Belut api atau sili api atau tilan ( Mastacembelus erythrotaenia ) adalah spesies belut berduri yang relatif besar . Ikan air tawar omnivora ini asli di Asia Tenggara tetapi juga ditemukan dalam perdagangan akuarium .[2][1] Meskipun telah menurun secara lokal (terutama di Thailand) karena penangkapan ikan yang berlebihan, karena perdagangan ini, secara keseluruhan tetap umum.[2]
Keterangan
Sili api bukanlah belut sejati, melainkan ikan yang sangat memanjang dengan moncong runcing yang khas dan mulut yang tersampir. Ini adalah bagian dari keluarga belut berduri, Mastacembelidae. Kelompok ini mendapat nama umumnya dari banyak duri punggung kecil yang mendahului sirip punggung .

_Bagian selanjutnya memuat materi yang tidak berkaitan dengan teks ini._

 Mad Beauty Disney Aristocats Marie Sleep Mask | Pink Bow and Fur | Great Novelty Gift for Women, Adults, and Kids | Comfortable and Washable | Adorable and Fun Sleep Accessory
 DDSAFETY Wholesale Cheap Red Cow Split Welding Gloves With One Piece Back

Tubuhnya dikompresi secara lateral, terutama sepertiga bagian belakang, di mana ia menjadi rata saat bergabung dengan sirip ekor dan membentuk ekor yang memanjang. Pewarnaan dasar sili api berwarna coklat tua/abu-abu, sedangkan perut umumnya berwarna lebih terang dengan warna yang sama. Beberapa garis dan bintik-bintik lateral berwarna merah cerah menandai tubuh dan intensitasnya bervariasi tergantung pada usia dan kondisi individu. Biasanya, tandanya berwarna kuning/kuning pada ikan remaja, berubah menjadi merah tua pada ikan yang lebih besar. Seringkali sirip dubur, dada, dan punggung memiliki tepi merah.
Sili api adalah spesies terbesar dalam keluarganya dan dapat mencapai hingga 1 m (3,3 ft) panjangnya.[3]
Jangkauan, habitat, dan perilaku
Sili api hidup di wilayah yang relatif luas yang mencakup sebagian besar dataran rendah Asia Tenggara, termasuk Myanmar, Thailand, Vietnam, Semenanjung Malaysia, Kalimantan (Indonesia dan Malaysia), Jawa (Indonesia), dan Sumatera (Indonesia).[2][1] Mereka mendiami sungai yang bergerak lambat dan dataran banjir, dan merupakan penghuni dasar yang biasanya ditemukan di tempat-tempat dengan dasar berlumpur.[2][1] Mereka menghabiskan sebagian besar waktunya terkubur di dasar sungai, seringkali hanya menyisakan moncongnya yang terlihat.
Sili api memakan invertebrata (seperti larva serangga, cacing, dan krustasea), ikan yang lebih kecil, materi tanaman, dan detritus .[1][3] Di penangkaran, mereka jarang memakan bahan tumbuhan.[3]